I recently switched to Iphone 13 now it will not connect fully to my tesla Bluetooth is sporadic, sometimes my phone works on bluetooths others it doesnt. I consistently have to use the key card to get going, and I think I am missing software updates because it is not connected propertly. I have tried to disconnect and reconnect my bluetooth which is recommended and that has not solved the issue. Did anyone else have this issue and what did they do?


----------



## GDN

This is hard to say. If all worked will with your previous phone I'd say the new phone is the issue. However, if you know it all works and you've tested phone setup, you may want to check with Tesla. Especially if you aren't getting wifi connectivity for updates. You phone connects via BT for unlocking and starting and the car connects via Wifi for updates. There are different antennas for those purposes. Something bigger could have gone wrong, open a service ticket on your phone app.


----------



## garsh

Follow these directions completely:


NR4P said:


> As an owner for two years and have both iOS and Android phones, I experienced great success with the BT unlock feature and over time, degraded performance. Meaning it wouldn't work without lighting up the phone or launching the App. From 100% effective to 20% effective over time.
> 
> I found a way into Tesla HQ and have their attention. Engineering has an investigation open.
> For anyone with this issue on an Android or iPhone here's what they suggest we try.
> 
> Delete Phone Key parings in vehicle
> Delete the Tesla app
> Re-download the Tesla app
> Re-pair your phone as a key
> I have 2 phones where I did this (one is 3 years old) and one where I have not for comparison.
> The 2 phones are perfect, again. Even in my pockets.
> 
> This could explain why if you get a new phone, everything is perfect.
> 
> Let's track any degradation over time. Chime in with success or failure and as the weeks and months go on, lets see what happens. I can provide feedback to the mother ship.
> 
> Disclaimer: Your body can still affect performance. If you have one of those bodies and removing the phone and holding it solves your problem, the above probably won't help you.


----------



## TrevP

garsh said:


> Follow these directions completely:


I've found it important to ensure you delete the app from your phone and reinstalling it. Not sure about Android but on iOS each app contains it's own settings and documents which are sandboxed and data is not stored outside of itself so deleting the app blows away all the settings, tokens etc... Simply updating the app isn't good enough, that only updates the app binary, not the stored data.


----------



## jdcollins5

TTrahant said:


> I recently switched to Iphone 13 now it will not connect fully to my tesla Bluetooth is sporadic, sometimes my phone works on bluetooths others it doesnt. I consistently have to use the key card to get going, and I think I am missing software updates because it is not connected propertly. I have tried to disconnect and reconnect my bluetooth which is recommended and that has not solved the issue. Did anyone else have this issue and what did they do?

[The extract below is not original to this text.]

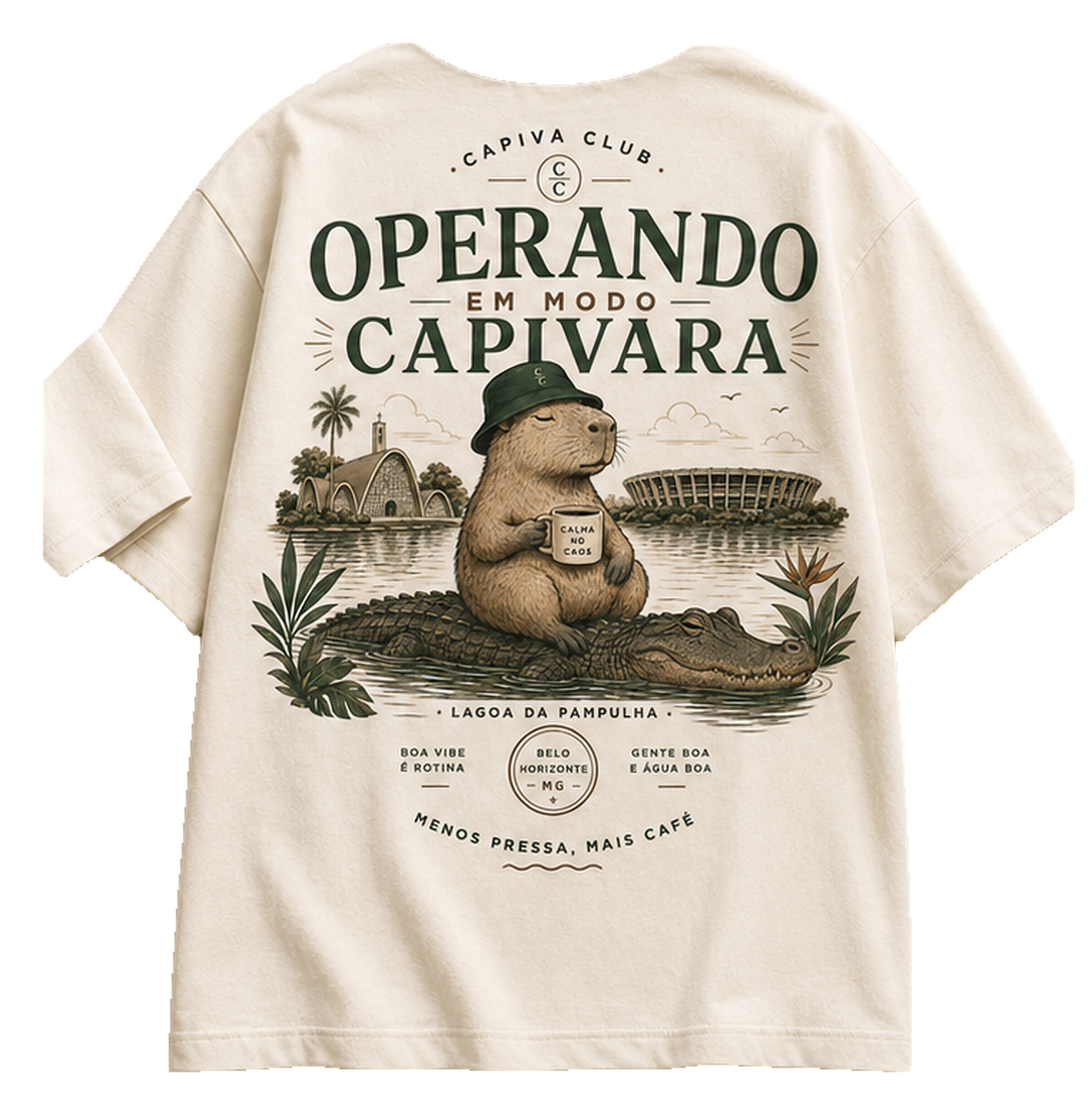 Camiseta Capiva Club vista de costas com a estampa Operando em Modo Capivara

I recently upgraded my wife's phone to an iPhone 13 and changed her Phone Key. The only problem I had was her intermittently having to open the app before unlocking.

What I found out was that in the past, iPhones default for Background App Refresh was off for all apps and you had to manually select ON. With both my new 12 and her 13, the default for BAR is ON for all apps and you have to manually select OFF! I have no explanation why they made this dumb move!

After turning all unnecessary apps OFF except Tesla, her Phone Key has worked perfectly.


----------



## msjulie

So curious, mine always works to unlock (iPhone, Tesla app allowed to use location and background processing)

Where it sometimes requires prodding and only sometimes, is actually connecting inside the car to play music.


----------



## Tony Rigano

I recently got a new phone (android), it will work the doors and stuff but the phone does not hook up to the Bluetooth. Could this be a function of ATT dropping the 3G? And if so, who would I look to to remedy this?


----------



## garsh

Tony Rigano said:


> I recently got a new phone (android), it will work the doors and stuff but the phone does not hook up to the Bluetooth.


As far as the car is concerned, your phone is actually two completely different devices.

It's a key. You've already configured this part.
It's a streaming bluetooth device. It sounds like you haven't configured this part yet.
You can find the instructions for pairing a phone here:
https://www.tesla.com/ownersmanual/...EA9-CBE5-4474-880E-3EF4992002DF.html#D1E12436


----------